Ich suchte Hilfe bei der Taliban-Polizei, aber jedes Mal lehnten sie ab. Stattdessen beschuldigten sie mich des Ehebruchs und peitschten mich zur Strafe aus.

Kurz nach unserer Scheidung brachte mein Mann unseren Sohn zu mir nach Kabul, um die Gelegenheit zu nutzen, unsere Tochter zu entführen und beide nach Helmand zurückzubringen.

Mahtab mit ihrer Tochter Zahra, die von ihrem Vater entführt und zu seiner Familie in die Provinz Helmand zurückgebracht wurde.

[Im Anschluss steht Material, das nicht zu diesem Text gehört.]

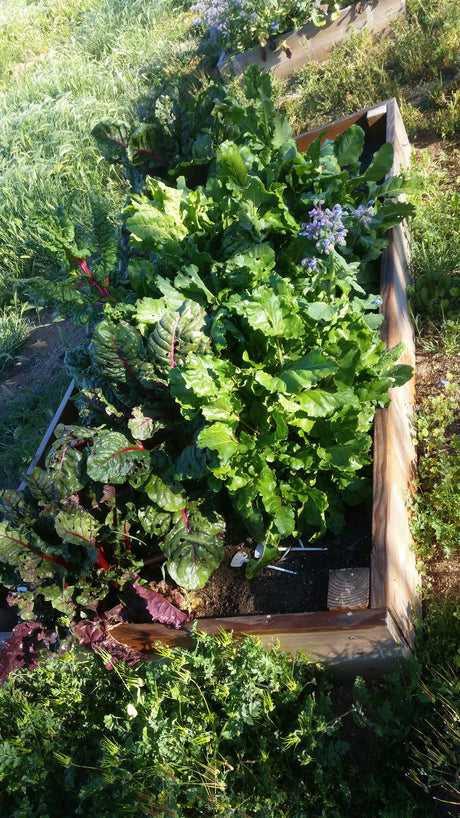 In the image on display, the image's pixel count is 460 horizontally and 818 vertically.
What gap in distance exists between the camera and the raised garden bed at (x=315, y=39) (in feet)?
16.7

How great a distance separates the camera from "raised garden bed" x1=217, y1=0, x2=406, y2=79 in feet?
16.7

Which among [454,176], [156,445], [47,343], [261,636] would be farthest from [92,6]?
[261,636]

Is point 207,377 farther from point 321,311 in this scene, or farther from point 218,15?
point 218,15

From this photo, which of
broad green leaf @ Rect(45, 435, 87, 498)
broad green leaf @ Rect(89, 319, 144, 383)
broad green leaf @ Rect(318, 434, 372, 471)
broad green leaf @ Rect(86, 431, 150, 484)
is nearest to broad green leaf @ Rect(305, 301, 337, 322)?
broad green leaf @ Rect(318, 434, 372, 471)

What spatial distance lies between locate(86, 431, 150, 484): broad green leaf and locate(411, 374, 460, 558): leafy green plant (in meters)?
1.11

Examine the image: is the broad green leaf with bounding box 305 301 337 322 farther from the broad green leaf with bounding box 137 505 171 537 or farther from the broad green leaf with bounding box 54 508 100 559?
the broad green leaf with bounding box 54 508 100 559

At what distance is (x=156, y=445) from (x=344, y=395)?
879mm

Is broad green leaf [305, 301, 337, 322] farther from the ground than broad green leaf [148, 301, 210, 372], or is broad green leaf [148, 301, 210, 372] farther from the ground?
broad green leaf [148, 301, 210, 372]

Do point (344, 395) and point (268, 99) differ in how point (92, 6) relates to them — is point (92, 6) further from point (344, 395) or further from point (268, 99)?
point (344, 395)

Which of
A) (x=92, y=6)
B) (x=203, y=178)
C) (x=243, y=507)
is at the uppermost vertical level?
(x=92, y=6)

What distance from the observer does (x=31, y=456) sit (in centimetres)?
367

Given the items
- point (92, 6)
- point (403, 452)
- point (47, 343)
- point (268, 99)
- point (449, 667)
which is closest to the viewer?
point (449, 667)

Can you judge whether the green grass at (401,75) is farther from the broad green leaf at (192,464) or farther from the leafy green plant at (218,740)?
the leafy green plant at (218,740)

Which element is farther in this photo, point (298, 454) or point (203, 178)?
point (203, 178) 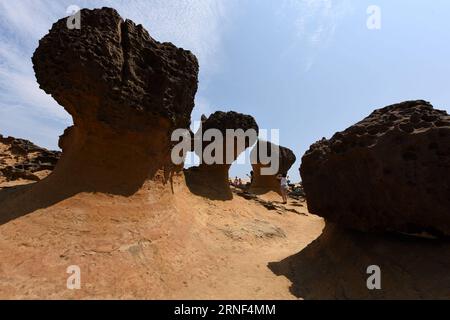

Foto: Handout

Seitdem habe ich keines meiner Kinder mehr gesehen. Eine Rückkehr nach Helmand könnte mich das Leben kosten, weil ich so oft gegen die Taliban demonstriert und mich ausgesprochen habe.

Ich hatte keinen Grund mehr zu leben. Niemand wollte mir eine Wohnung vermieten, da ich allein und Single war und ich nicht arbeiten konnte, da Frauen von der Arbeit ausgeschlossen waren. Also legte ich mein gesamtes Hab und Gut beiseite – und den Kummer über den Verlust meiner Kinder – und reiste in den Iran.

Ich bin jetzt 26 und habe alles verloren: meine Kindheit, Jugend, Gesundheit und meine Kinder. Dennoch bin ich dankbar, meine Stimme gefunden zu haben. Im Iran verdiene ich meinen Lebensunterhalt mit der Arbeit in einer Schneiderei und setze mich gleichzeitig für die Stimmen der Frauen in meinem Land ein und verstärke sie.

Ich habe keine Angst davor, auf diesem Weg zur Gerechtigkeit zu sterben. Vielmehr nehme ich es an, wohlwissend, dass ich zumindest ein Vorbild für Tausende von Frauen sein werde, die ähnliche Nöte ertragen müssen, und sie dazu inspirieren werde, sich gegen die Tyrannei zu stellen.